America is as cliché a melting pot now as it was when it was formed. While our great nation suggests a celebration of diversity and difference, its dark history of oppression, slavery and religious persecution sets a precedent counterintuitive to the tenets it was founded on: acceptance, religious freedom and innovation.
Hoping to inspire and uphold these tenets, we operate within an open democracy — where all citizens (above a certain age) should be able to vote to maintain and preserve the nation they live in. Unfortunately, for a large portion of the population, that right to vote is no longer freely given.
The fact is that the American democratic system is still working to disenfranchise minorities and preserve the old, white boys club that got us into messes like the Civil War. Disenfranchisement, which refers to the retraction of voting rights for a variety of reasons, is simply un-American.
The now-antiquated but American ideology of “no taxation without representation” can and should be extended to include phrases such as “no government-sanctioned murder without representation,” “no imprisonment without representation” and “no systematic oppression without representation.”
While cliché itself, “no taxation without representation” asks an important question: When and why should voting rights be removed?
With 2.2 million people incarcerated, the U.S. has the world’s largest prison population — unless you count Australia’s entire population — and over half (58 percent) of that population is made up of minorities, although they comprise around 25 percent of the total population. The systems set up to perpetuate systematic racism and oppression are further exemplified.
Sometimes referred to as the “school-to-prison pipeline,” public services are often deleterious to the lives of minorities, specifically Hispanic and black Americans. With drastic education cuts in our state budget and across the nation, the problem isn’t being solved on the front end. Subsequently, felon disenfranchisement is even more important.
The stigmatization of prison time can be crushing to the lives of former criminals in the eyes of the unincarcerated public, and that stigmatization comes with restrictions to voting. In every state except Maine and Vermont (where everyone, including inmates, is allowed to vote) felons are disenfranchised.
This disenfranchisement, which affects 5.85 million people due to a felony conviction, contributes to continued socioeconomic disparity, which, in turn, causes increased crime rates. Social restrictions such as disenfranchisement and hiring difficulties for ex-felons force them into stagnancy within the community they started in, perpetuating a cycle of crime, incarceration, disenfranchisement and reduced opportunity. And it is showing no signs of stopping.
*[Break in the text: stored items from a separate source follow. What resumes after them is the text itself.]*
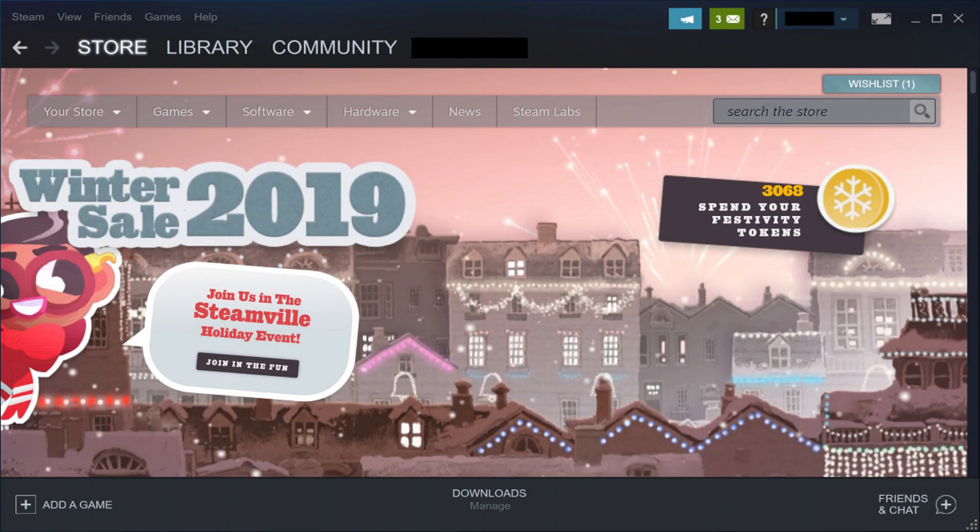Step 1. Launch the Steam application on your computer. You'll land on your Steam home screen.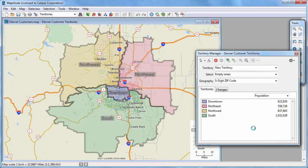And that wraps up this video on creating territory layers with the territory wizard. Please see this separate video on working with the territory manager to learn how to work with and modify the territory layers that you create.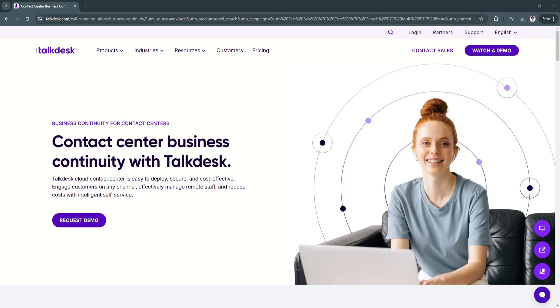Designed for scalability and ease of use, Talkdesk helps customer support teams streamline workflows, reduce response times, and deliver a more personalized customer experience.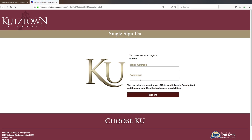Once you click on the button to begin your math placement, you will be prompted with a login screen. Here you will enter your Kutztown username and password that was sent to you in the mail. If you are having trouble logging in, please contact the IT department.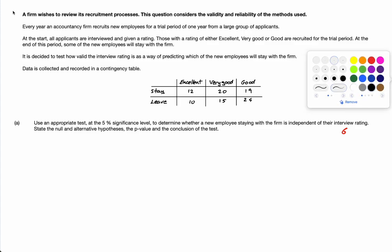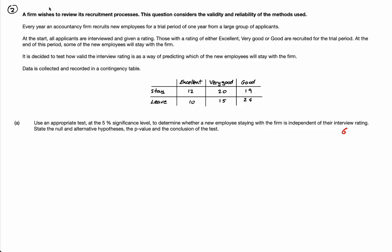Question number two. A firm wishes to review its recruitment process. This question considers the validity and reliability of the methods used. Essentially, they interview candidates and rate them as excellent, very good, and good. Then at the end of the trial period, they see how many stayed and how many left, and they want to see the relationship between the rating and whether they stayed or left at the end of the trial period.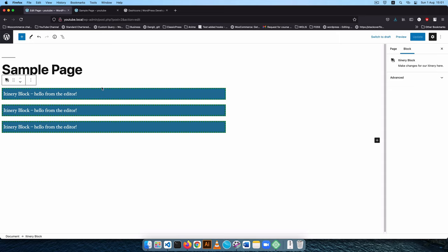We'll start making changes to our default block in the next video, adding things inside the panel that will allow new settings to show up in the editor. If that's something you're interested in seeing, wait and watch out for the next video — otherwise enjoy whatever you're developing.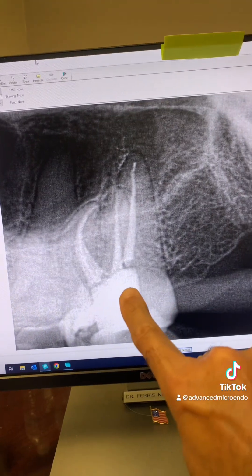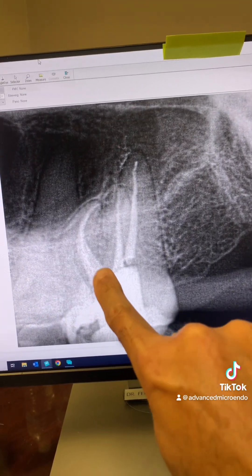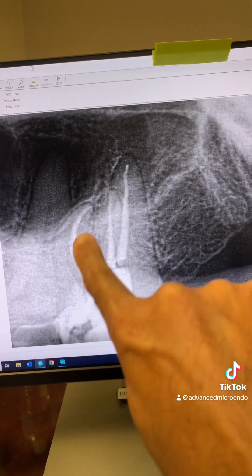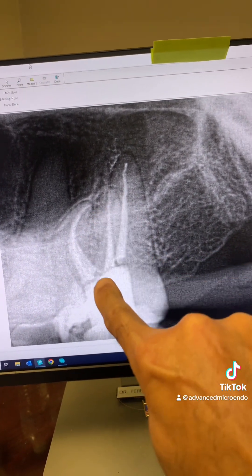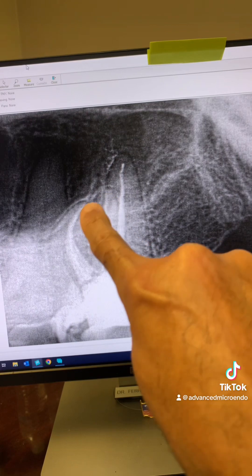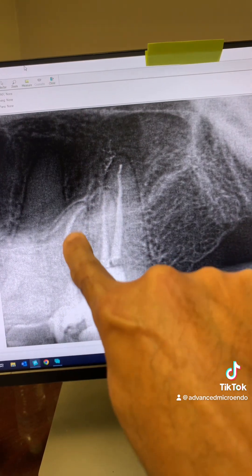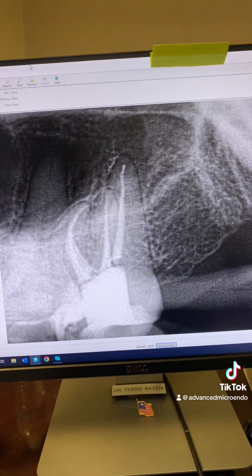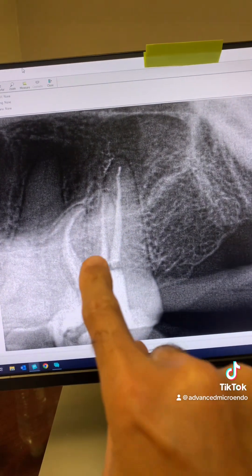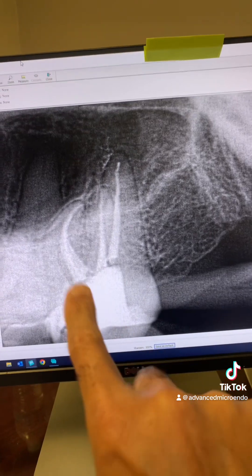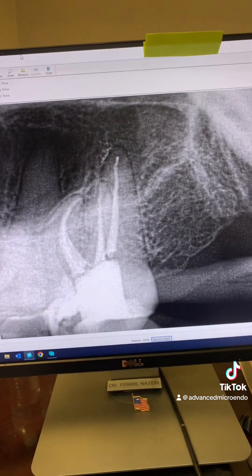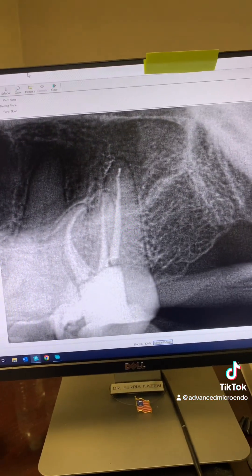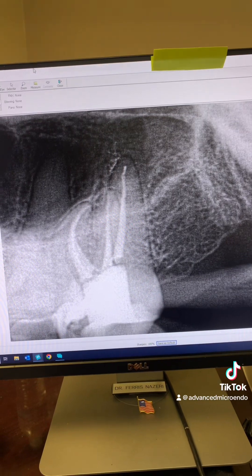Here's another angulation. Now you can see the curvature of the MB root — see that? That's a 90-degree curvature right there. And the MB root had three canals in it: MB1, MB2, MB3.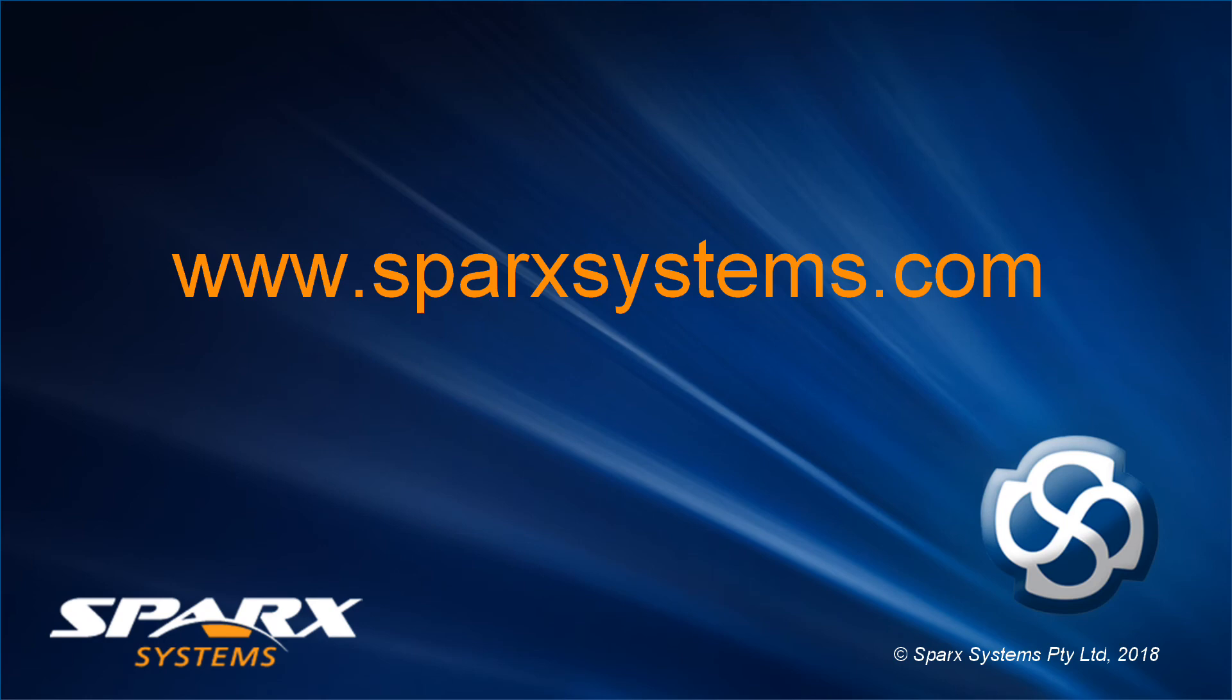For more information on Enterprise Architect 14 or Business Process Simulation, please visit www.sparksystems.com.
The fact, then, that one in 13 black Americans is prohibited from casting a vote in the U.S. is shocking. Since the people who can vote are making no effort to reduce institutionalized oppression and prevent the rampant incarceration of our population — in some cases, voters are striving to increase criminalization of drug activity and sex work, which would increase incarceration — it is not surprising that states aren’t pushing for voters’ rights for felons.
Laws promoting disenfranchisement don’t even hold up to their self-reported goals of preventing voter fraud and maintaining an accurate representation of the American voice. According to The Sentencing Project and Human Rights Watch, groups focused on restoring voters’ rights to felons and other disenfranchised groups, these laws have “no discernible legitimate purpose.”
Disenfranchisement has also largely been shown not to be an effective crime deterrent, as recidivism, or returning to crime after “correction,” has a negative correlation with voting.
Marc Mauer, executive director of The Sentencing Project, has said it best: “You’ve done your time in prison; now you’re living in the community. You’re expected to abide by the rules of society, pay your taxes, get a job. … It’s counterproductive to the community at large for us to essentially be treating people as second-class citizens.”
While Arizona is a state where some people with felony convictions are allowed to vote, we are in the top 10 states with disenfranchised populations, with over 4 percent of our population ineligible to vote.
If we want to make even the tiniest changes in protecting our citizens from a system designed to keep them down, we need to offer past victims of this system the chance to voice their opinion on how future generations could be kept out of danger.